L'émission Paroles de patrons, diffusée sur une chaîne d'information économique, a reçu Louis Margueritte. Député et entrepreneur, il est également cofondateur et président du directoire d'Europlasma, une entreprise spécialisée dans le traitement et le recyclage de déchets complexes. Il a livré son analyse des défis auxquels fait face l'industrie française.

Réindustrialisation et souveraineté

Louis Margueritte a d'abord insisté sur la nécessité de reconstruire une base industrielle solide en France. Selon lui, la souveraineté nationale passe par la capacité à produire sur le territoire des biens essentiels, en particulier dans les secteurs de l'énergie, de la santé et des technologies critiques. Il a estimé que la réindustrialisation ne doit pas être un retour en arrière, mais une modernisation de l'appareil productif.

Il a cité l'exemple de son entreprise, qui transforme des déchets en ressources (comme des combustibles solides de récupération ou de l'aluminium recyclé), pour illustrer comment l'économie circulaire peut créer de la valeur ajoutée tout en réduisant la dépendance aux importations de matières premières.

Dialogue social et compétitivité

L'invité a également abordé la question du dialogue social en France. Il a regretté une culture du conflit trop présente, qui freine selon lui les réformes nécessaires à la compétitivité. Il a plaidé pour un modèle où les partenaires sociaux (syndicats et patronat) négocient en amont des projets d'entreprise, plutôt que de s'opposer systématiquement. Il a salué l'exemple de certaines branches professionnelles où des accords majoritaires ont permis d'adapter le temps de travail ou les rémunérations aux contraintes du marché.

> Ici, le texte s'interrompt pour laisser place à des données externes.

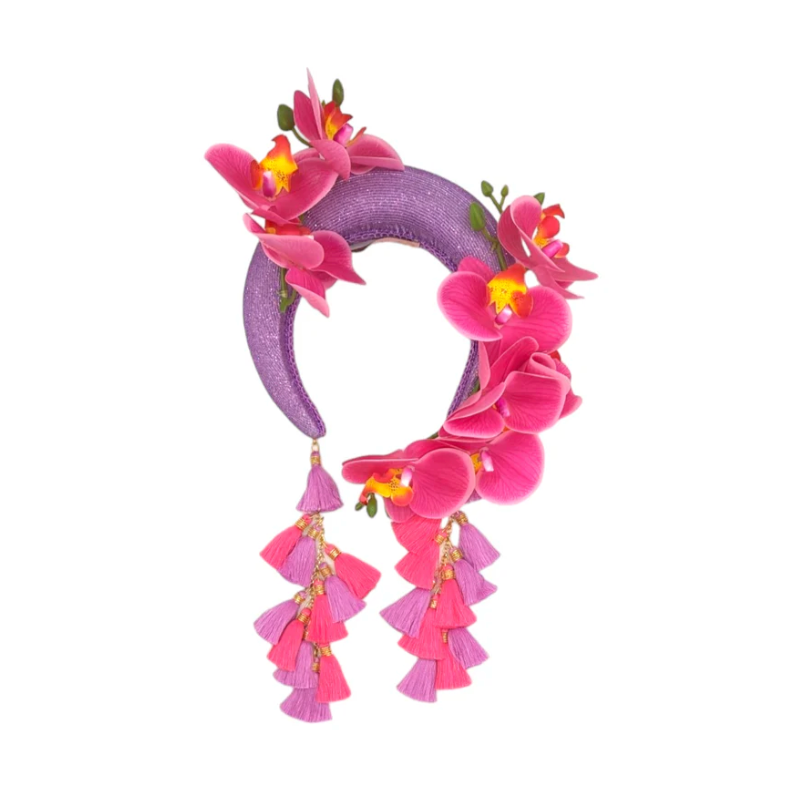 Orchid Bloom Violeta Luna Lurex Chacha Band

Transition écologique et fiscalité

Louis Margueritte s'est montré critique envers certaines mesures de la politique environnementale actuelle. Il a estimé que la fiscalité écologique doit être repensée pour ne pas pénaliser la production française par rapport à des concurrents étrangers moins vertueux. Il a défendu l'idée d'une taxe carbone aux frontières de l'Union européenne, déjà partiellement mise en œuvre, mais qu'il juge trop timide.

Il a aussi évoqué le rôle des aides publiques. Selon lui, les subventions massives aux énergies fossiles devraient être progressivement supprimées, et les fonds réorientés vers l'innovation industrielle propre. Il a précisé que son entreprise bénéficie de soutiens publics pour développer ses technologies de dépollution, mais que le système reste trop complexe et lent.

Europe et autonomie stratégique

À l'échelle européenne, l'entrepreneur a défendu une approche plus volontariste de l'autonomie stratégique. Il a appelé à un renforcement du budget européen dédié à la défense et à l'industrie, et à une harmonisation des règles fiscales et sociales pour éviter un dumping entre États membres. Il s'est déclaré favorable à une Europe qui protège ses frontières économiques, tout en restant ouverte aux échanges.

Propositions concrètes

Parmi les mesures qu'il a mises en avant, Louis Margueritte propose de créer un statut d'« entreprise stratégique » qui bénéficierait de facilités administratives et fiscales en échange d'engagements sur l'emploi et l'investissement en France. Il a aussi suggéré de lancer un grand emprunt national pour financer la modernisation des outils de production, sur le modèle des plans de relance post-Covid.

Enfin, il a évoqué la nécessité d'une meilleure orientation des jeunes vers les métiers techniques et industriels. Il a regretté que trop d'élèves soient dirigés vers des filières générales, alors que l'industrie a besoin de compétences pointues (chaudronnerie, maintenance, robotique). Il a proposé de multiplier les campus dédiés aux métiers de l'industrie, en partenariat avec les entreprises.